Published on CreateSpace and available through Amazon currently $17.24 (http://www.amazon.com/Mirrors-Portrait-Transsexual-Geri-Nettick/dp/146360520X/ref=sr_1_1?ie=UTF8&qid=1316451777&sr=8-1)
Beth and my paths started crossing occasionally in the early 1970s. I was in the radical left/feminist movements while she was involved with Daughters of Bilitis and the lesbian feminist movements.
I read the original version of this book and didn’t much care for the Roman à clef manner in which Beth told the story. I wasn’t alone in criticizing her timidity without knowing more of the back-story behind the self protective measures she took.
While the new and improved version maintains the core Roman à clef of the original edition it offers a whole lot of analysis and self exploration as to who was involved and what their motivations were.
Beth is a person in history and was unfortunately the focus of an immense amount of focused hatred and bigotry at a young age while fighting for the right of transsexual women, both pre and post-op to have a place in the lesbian feminist movement.
She wasn’t a superhero, damn few of us were. Most of us were making our way without any maps or guide posts up a sheer cliff sort of learning experience. Being pioneers meant having to feel our own way, including making mistakes, getting knocked down and having to get up again.
Beth was the first sister I knew who was viciously trashed by the Lesbian Feminist Community, starting with an article she omits from this book.
One thing I have observed about women with transsexualism over the years, my self included, is no matter what our politics or our sexuality we try so freaking hard to be the absolute best we can be in that area. There is little difference between those who make that commitment to becoming fashion models or feminists. The goal may be totally different but the amount of commitment and effort is the same.
We often run into problems because until we have had a few years post-transsexual most of our socialization has come second hand. We haven’t grown up learning the sexual politics of prima donas and mean girls, the vicious game of telephone and the spreading of rumors by people who would never say certain things to our faces.
We are vulnerable to being exposed because transsexualism is stigmatized, no where more so than it came to be stigmatized in certain “feminist” circles.
From everything I have heard from lesbians who knew and worked with Beth during the early 1970s, she was honest, sincere and very hard working. She was not deceitful or there to disrupt the movement or any of the myriad of vile accusations that were made towards her. As I said our paths intersected on occasions during the 1970s. I was staff photographer and a production artist at the Lesbian Tide several years after Beth wrote for them.
The Anti-Trans lesbian Klan intimidated them too and it can be presumed many others in the lesbian feminist movement.
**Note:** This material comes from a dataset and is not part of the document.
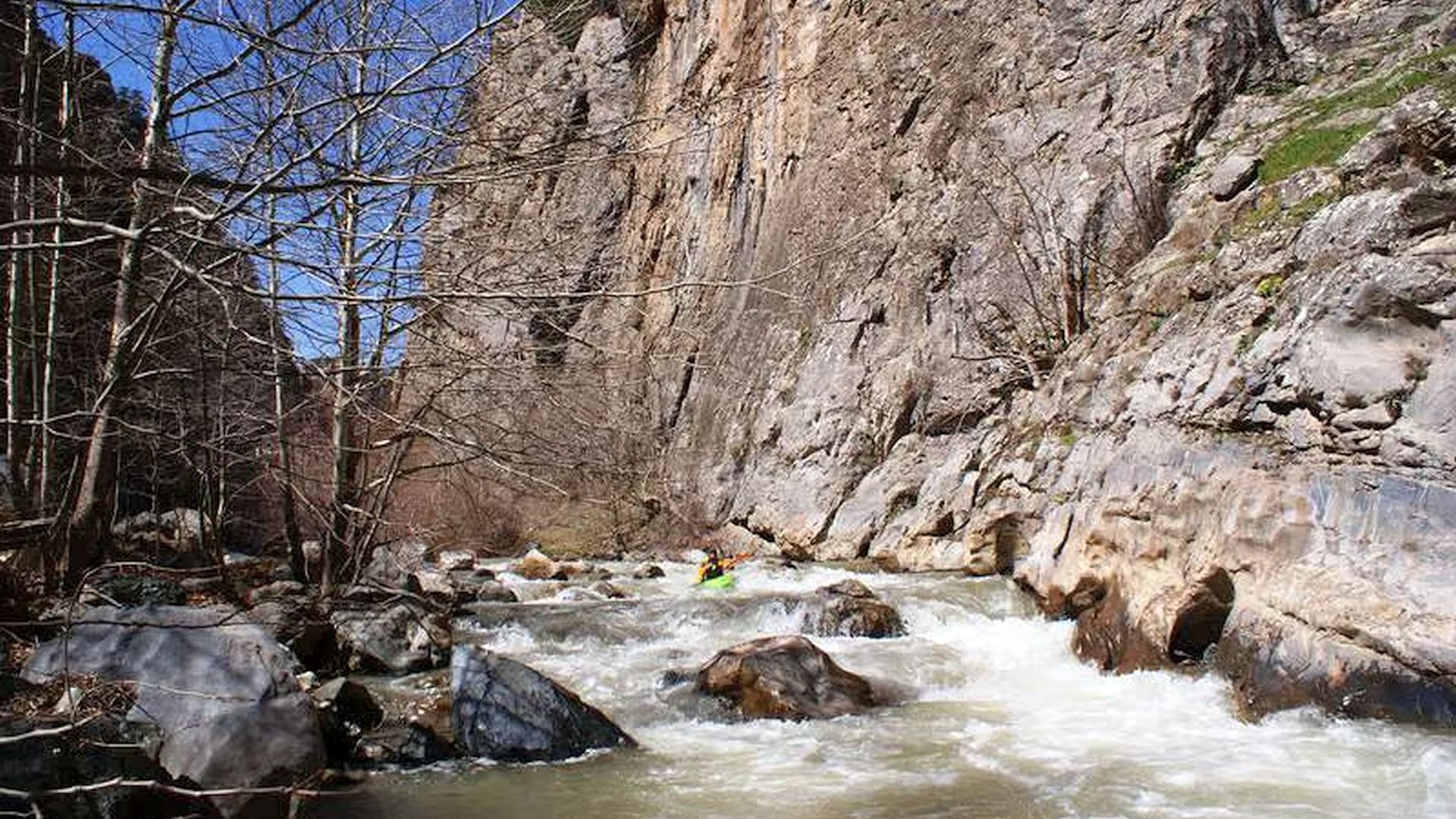 © Christoph S. 22.10.09 Kajak, Fluss Körkün, Abschnitt Kamisli - Klammende (Durchbruch) übersichtliche Schwälle vor großer Kulisse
I was with the Tide and active at the LA Women’s Building when the trashing of Sandy Stone began and saw the fear of defending Olivia Records and Sandy Stone.
Those post-transsexual women who were part of the feminist and lesbian feminist movements who weren’t personally trashed were scarred by the hate directed at transsexuals by the Lesbian Klan.
I’m very glad Beth chose to speak out regarding the criminal stalking and harassment she has endured for 40 some years at the hands of the clearly sociopathic BevJo Von Dohre, who is allegedly a compulsive regarding her own personal history as well as the accusations she has made regarding Beth and other post-transsexual lesbians and feminists.
For too long the Lesbian Klan bigotry has been presented as starting with Janice Raymond and her “Protocols of the Elders of Zion” type, contradictions filled smear job.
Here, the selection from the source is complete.